One train rammed into the rear of another that had stalled after being hit by lightning Saturday in China’s deadliest rail accident since 2008. Six carriages derailed, and four fell about 65 to 100 feet from a viaduct. More than 190 people were injured.
Railways Minister Sheng Guangzu has apologized to the victims of the crash and their families. The U.S. Embassy in Beijing said two U.S. citizens were among the dead.
The Railways Ministry and government officials haven’t explained why the second train apparently was not warned there was a stalled train in its path.
One expert said he thought human error may have been involved.
“I think the problem may have come from the mistakes of dispatching management instead of technological failure,” said Qi Qixin, a professor at the Transportation Research Institute of Beijing University of Technology. “The system should have an ability to automatically issue a warning or even stop a train under such circumstances.”
The accident is the latest blow to China’s bullet-train ambitions.
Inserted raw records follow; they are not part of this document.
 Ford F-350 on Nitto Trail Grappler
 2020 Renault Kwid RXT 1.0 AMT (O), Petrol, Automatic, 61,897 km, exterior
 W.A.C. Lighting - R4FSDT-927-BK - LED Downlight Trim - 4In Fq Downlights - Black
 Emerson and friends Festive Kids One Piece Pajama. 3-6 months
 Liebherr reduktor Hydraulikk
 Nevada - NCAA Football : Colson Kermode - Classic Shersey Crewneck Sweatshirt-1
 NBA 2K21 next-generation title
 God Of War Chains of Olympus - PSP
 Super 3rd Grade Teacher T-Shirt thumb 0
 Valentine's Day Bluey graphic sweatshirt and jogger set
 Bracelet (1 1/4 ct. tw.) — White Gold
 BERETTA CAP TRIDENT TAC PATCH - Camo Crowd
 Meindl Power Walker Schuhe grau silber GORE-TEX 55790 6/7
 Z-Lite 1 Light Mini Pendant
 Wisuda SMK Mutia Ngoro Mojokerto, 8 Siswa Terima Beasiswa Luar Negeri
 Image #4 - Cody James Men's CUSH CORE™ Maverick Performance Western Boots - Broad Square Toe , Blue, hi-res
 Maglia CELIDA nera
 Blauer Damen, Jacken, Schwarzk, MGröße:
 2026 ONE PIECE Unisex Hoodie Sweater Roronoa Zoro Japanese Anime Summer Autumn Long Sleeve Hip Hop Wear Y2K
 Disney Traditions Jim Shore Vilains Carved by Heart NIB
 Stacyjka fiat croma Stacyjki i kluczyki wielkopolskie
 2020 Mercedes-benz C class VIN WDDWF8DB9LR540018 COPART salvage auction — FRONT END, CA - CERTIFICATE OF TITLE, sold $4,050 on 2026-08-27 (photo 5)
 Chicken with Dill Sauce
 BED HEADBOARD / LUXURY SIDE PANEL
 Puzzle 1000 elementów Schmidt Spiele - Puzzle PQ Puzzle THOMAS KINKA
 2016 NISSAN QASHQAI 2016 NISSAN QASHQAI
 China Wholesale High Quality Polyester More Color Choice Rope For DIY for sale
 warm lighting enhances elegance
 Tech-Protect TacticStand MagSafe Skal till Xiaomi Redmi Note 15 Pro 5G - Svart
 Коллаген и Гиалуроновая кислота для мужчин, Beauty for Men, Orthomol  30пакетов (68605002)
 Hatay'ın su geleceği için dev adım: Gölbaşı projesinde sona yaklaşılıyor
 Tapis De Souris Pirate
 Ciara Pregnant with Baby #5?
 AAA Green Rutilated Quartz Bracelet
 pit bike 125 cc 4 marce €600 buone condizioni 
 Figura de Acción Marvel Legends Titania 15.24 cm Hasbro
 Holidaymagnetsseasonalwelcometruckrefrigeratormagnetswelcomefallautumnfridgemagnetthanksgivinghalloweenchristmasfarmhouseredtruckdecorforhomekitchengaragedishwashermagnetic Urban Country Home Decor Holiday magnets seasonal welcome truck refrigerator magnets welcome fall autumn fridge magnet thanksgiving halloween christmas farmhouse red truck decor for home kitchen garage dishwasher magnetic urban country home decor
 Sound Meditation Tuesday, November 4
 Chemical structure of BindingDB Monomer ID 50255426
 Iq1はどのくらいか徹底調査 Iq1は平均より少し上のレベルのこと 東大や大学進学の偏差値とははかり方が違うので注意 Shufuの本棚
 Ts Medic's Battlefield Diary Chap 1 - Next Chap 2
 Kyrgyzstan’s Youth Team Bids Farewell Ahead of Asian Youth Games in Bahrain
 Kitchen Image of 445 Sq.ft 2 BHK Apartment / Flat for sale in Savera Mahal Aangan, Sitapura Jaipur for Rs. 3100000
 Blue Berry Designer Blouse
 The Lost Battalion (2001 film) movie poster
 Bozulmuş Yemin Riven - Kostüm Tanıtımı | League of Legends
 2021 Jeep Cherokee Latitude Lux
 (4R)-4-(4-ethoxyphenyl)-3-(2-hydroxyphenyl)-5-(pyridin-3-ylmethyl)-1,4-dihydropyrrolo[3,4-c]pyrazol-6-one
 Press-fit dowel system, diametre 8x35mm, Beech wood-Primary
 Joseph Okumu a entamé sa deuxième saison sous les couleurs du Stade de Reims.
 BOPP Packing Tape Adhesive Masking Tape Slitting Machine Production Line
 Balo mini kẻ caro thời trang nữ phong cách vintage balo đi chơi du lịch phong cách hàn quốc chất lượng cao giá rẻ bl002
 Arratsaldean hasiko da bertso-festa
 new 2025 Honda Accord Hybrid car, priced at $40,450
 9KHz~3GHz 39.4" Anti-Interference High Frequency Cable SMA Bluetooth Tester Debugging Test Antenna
The prestige attached to the high-speed rail project, designed to show off the country’s rising wealth and technological prowess, is on a par with that of China’s space program.
Beijing plans to expand the high-speed rail network — already the world’s biggest — to link far-flung regions, and it also is trying to sell its trains to Latin America and the Middle East.
However, critics say ticket costs are too high and the services do not really meet the needs of average travelers in many areas.
Last month, China launched to great fanfare the Beijing-to-Shanghai high-speed line, whose trains can travel at a top speed of 186 mph. The speed was cut from the originally planned 217 mph after questions were raised about safety.
In less than four weeks of operation, power outages and other malfunctions have plagued the showcase 820-mile line. The Railways Ministry previously apologized for the problems and said summer thunderstorms and winds were the cause in some cases.
Official plans call for China’s bullet-train network to expand to 8,000 miles of track this year and 10,000 miles by 2020.
China’s trains are based on Japanese, French and German technology, but the manufacturers are trying to sell to Latin America and the Middle East. That has prompted complaints that Beijing is violating the spirit of licenses with foreign providers by reselling technology that was meant to be used only in China.
Three top officials at the Shanghai Railway Bureau were sacked after Saturday’s accident, and state-controlled media have raised questions, especially as rail travel moves hundreds of millions of people a year.
In an editorial titled “Train crash lesson for railway progress,” the Global Times said the accident should be “a bloody lesson for the entire railway industry in China.”
The newspaper said the collision casts doubt on China’s high-speed-railway expansion plans because the country “lacks experience” as it seeks to join the top ranks of railway engineering.
It said China’s high-speed railway has become “the newest target of public criticism,” adding that the accident should lead to “safer, not slower, railway transportation.”